Deserialise a FalkorDBCypherRetriever produced by to_dict.

Parameters:

  • data (dict[str, Any]) – Serialised retriever dictionary.

Returns:

  • FalkorDBCypherRetriever – Reconstructed FalkorDBCypherRetriever instance.

run

python
run(
query: str | None = None, parameters: dict[str, Any] | None = None
) -> dict[str, list[Document]]

Retrieve documents by executing an OpenCypher query.

If a query is provided here, it overrides the custom_cypher_query set during initialisation.

Parameters:

  • query (str | None) – Optional OpenCypher query string.
  • parameters (dict[str, Any] | None) – Optional dictionary of query parameters (referenced as $param_name in the Cypher string).

Returns:

  • dict[str, list[Document]] – Dictionary containing a "documents" key with the retrieved documents.

Raises:

  • ValueError – If no query string is provided (both here and at init).

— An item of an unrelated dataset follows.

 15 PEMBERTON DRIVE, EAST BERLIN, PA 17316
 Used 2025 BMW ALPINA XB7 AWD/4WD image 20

haystack_integrations.components.retrievers.falkordb.embedding_retriever

FalkorDBEmbeddingRetriever

A component for retrieving documents from a FalkorDBDocumentStore using vector similarity.

The retriever uses FalkorDB's native vector search index to find documents whose embeddings are most similar to the provided query embedding.

Usage example:

python
from haystack.dataclasses import Document
from haystack_integrations.document_stores.falkordb import FalkorDBDocumentStore
from haystack_integrations.components.retrievers.falkordb import FalkorDBEmbeddingRetriever

store = FalkorDBDocumentStore(host="localhost", port=6379)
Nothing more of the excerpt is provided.